Quelques semaines plus tard, juste avant Noël, les référendaires ont déposé trois référendums totalisant 1795 signatures contre ce projet «scandaleux» et demandant que cette loi, qualifiée de hold-up fiscal, soit soumise à la votation. «La valeur fiscale des biens immobiliers n’ayant pas été réévaluée dernièrement, les propriétaires, en particulier les plus anciens, paient des impôts largement inférieurs à la valeur réelle de leur bien, voilà pourquoi le Conseil fédéral considère que Genève n’est pas en conformité avec le droit fédéral», explique Jean Burgermeister, assistant de direction d’Unia Genève.
Doublement privilégiés
Les référendaires estiment les pertes à plusieurs centaines de millions de francs. Le syndicaliste détaille: «En 2020, le Conseil d’Etat genevois avait proposé un projet qui prévoyait un ajustement à la hausse de l’évaluation fiscale des biens immobiliers, ainsi qu’une baisse de 15% de l’impôt sur la fortune. Cette réforme aurait rapporté environ 100 millions de francs par an.» A noter que des adaptations étaient prévues pour les petits propriétaires. «La droite parlementaire a refusé cette version et proposé le projet de loi 13030 qui maintient la baisse de 15% de l’impôt sur la fortune, et qui prévoit une indexation sur les biens immobiliers non pas sur leur valeur marchande mais sur l’indice du coût de la vie, qui est bien moins important et qui maintient ce grand écart.» Pour Jean Burgermeister, le cadeau fiscal est donc gigantesque. «Non seulement ce projet de loi ne rapporte pas 100 millions, mais il engendre au contraire une perte de 100 millions supplémentaires par année.»
Et les services publics?
Autant de moyens qui ne sont pas mis au service de la collectivité et de la population, dont les besoins sont pourtant en constante augmentation, regrettent la gauche et les syndicats.

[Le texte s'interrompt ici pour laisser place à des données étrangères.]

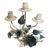 Vintage Italian Tole Floral Candleholder For Sale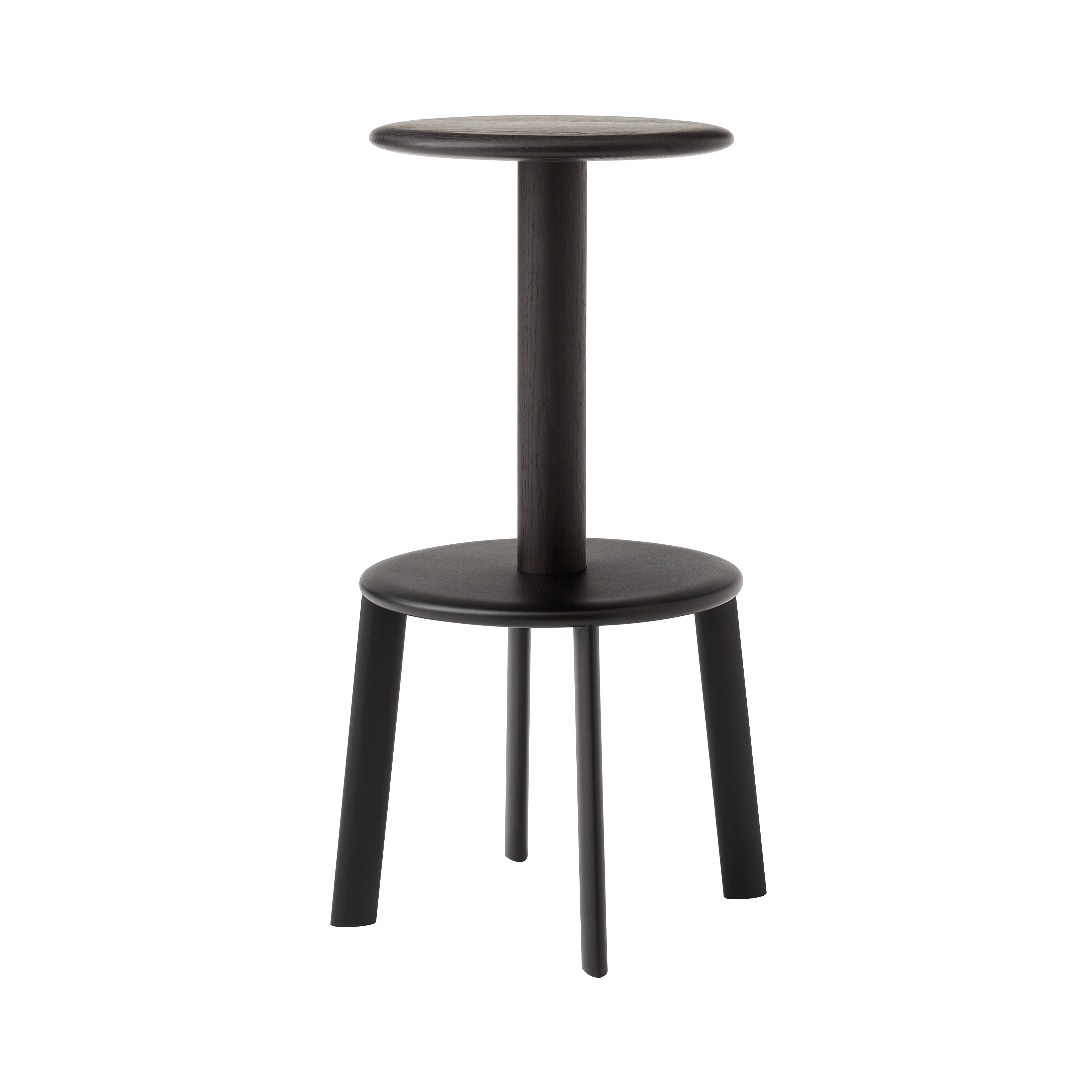 Massif Bar + Counter Stool: AV40 + AV39 + Counter(AV39) + Dark Stained Oak + Warm Black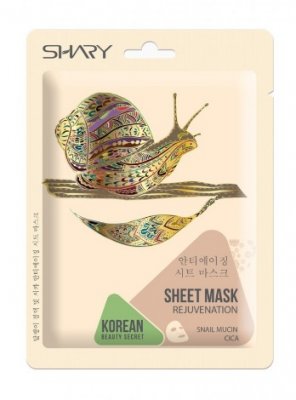 Купить шери (shary) маска-омолаживание для лица с муцином улитки и центеллой азиатской 25г в Богородске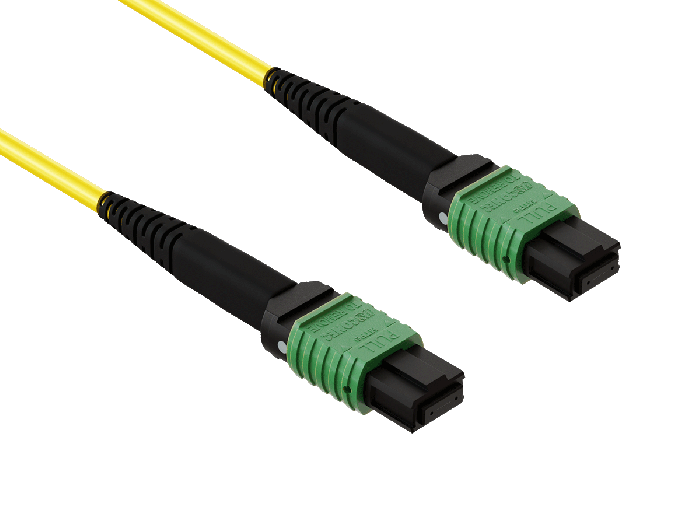12m OS2 MTP TO MTP/APC 12 Fibers Corning Fiber Trunk Cable Type B Single-Mode 9/125 OFNP Rated, Yellow 12m OS2 MTP TO MTP/APC 12 Fibers Corning Fiber Trunk Cable Type B Single-Mode 9/125 OFNP Rated, Yellow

«Il s’agit d’une sous-estimation chronique de la valeur fiscale des immeubles qui n’a pas seulement pour effet de priver l’Etat de recettes substantielles, mais qui entraîne également une inégalité de traitement injustifiable entre anciens et nouveaux propriétaires», peut-on lire dans leur communiqué de presse unitaire. Ces organisations appellent les forces progressistes à s’unir pour mettre ce projet «indigne» en échec dans les urnes et qu’une réforme juste soit «enfin» menée.